Nullable annotations (allow_missing_annotations=True)¶
Evaluation and labeltool workflows need to read HIDs that have no annotation
attached. When allow_missing_annotations=True, the cache build keeps rows
whose annotation is None: the writer stores a zero-filled placeholder in
annotation.bin (to keep the memmap uniform) and records has_annotation:
False on the Parquet row. __getitem__ reads that flag and returns
image.annotation = None for those rows.
Default is False — training pipelines continue to drop unannotated rows.
Cache inspection tool¶
Running
prints on-disk sizes, the Parquet schema, approximate in-RAM cost of each
string column, sidecar dedup ratios, and projected memmap-realization cost
if load_in_memory=True. Pass either a single key directory or a parent
cache_dir to walk all keys.
Typical output:
=== data/cache/dnanet_rd/1a1685307ca20e23 ===
complete marker: True
rows (n): 325
on-disk:
data.bin 15.97 MB
annotation.bin 7.99 MB
scaler.bin 5.32 MB
index.parquet 0.01 MB
panels.json 3.74 MB
alleles.json 0.35 MB
index in-RAM (string columns, approx):
path 0.03 MB
STRING TOTAL 0.03 MB
panels.json: 26 unique (avg=128598 B, max=128643 B)
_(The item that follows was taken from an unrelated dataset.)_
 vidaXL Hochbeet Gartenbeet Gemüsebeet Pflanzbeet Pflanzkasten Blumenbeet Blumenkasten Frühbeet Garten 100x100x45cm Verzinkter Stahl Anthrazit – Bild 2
alleles.json: 24 unique (avg=13097 B, max=16685 B)
memmap realize: 0.03 GB if load_in_memory=True
API surface¶
from dnanet.data.cache import (
IndexEntry, # frozen dataclass: row, path, has_annotation, panel_key, allele_key, meta_json
MemmapCacheReader,
MemmapCacheWriter,
compute_key, # 16-char config hash → cache dir name
compute_fingerprint, # config + source stamps → SHA256 dict
validate_fingerprint,
is_complete,
cache_key_dir,
)
The writer/reader are used transparently by HIDDataset; direct use is only
needed for tools that introspect or rebuild caches.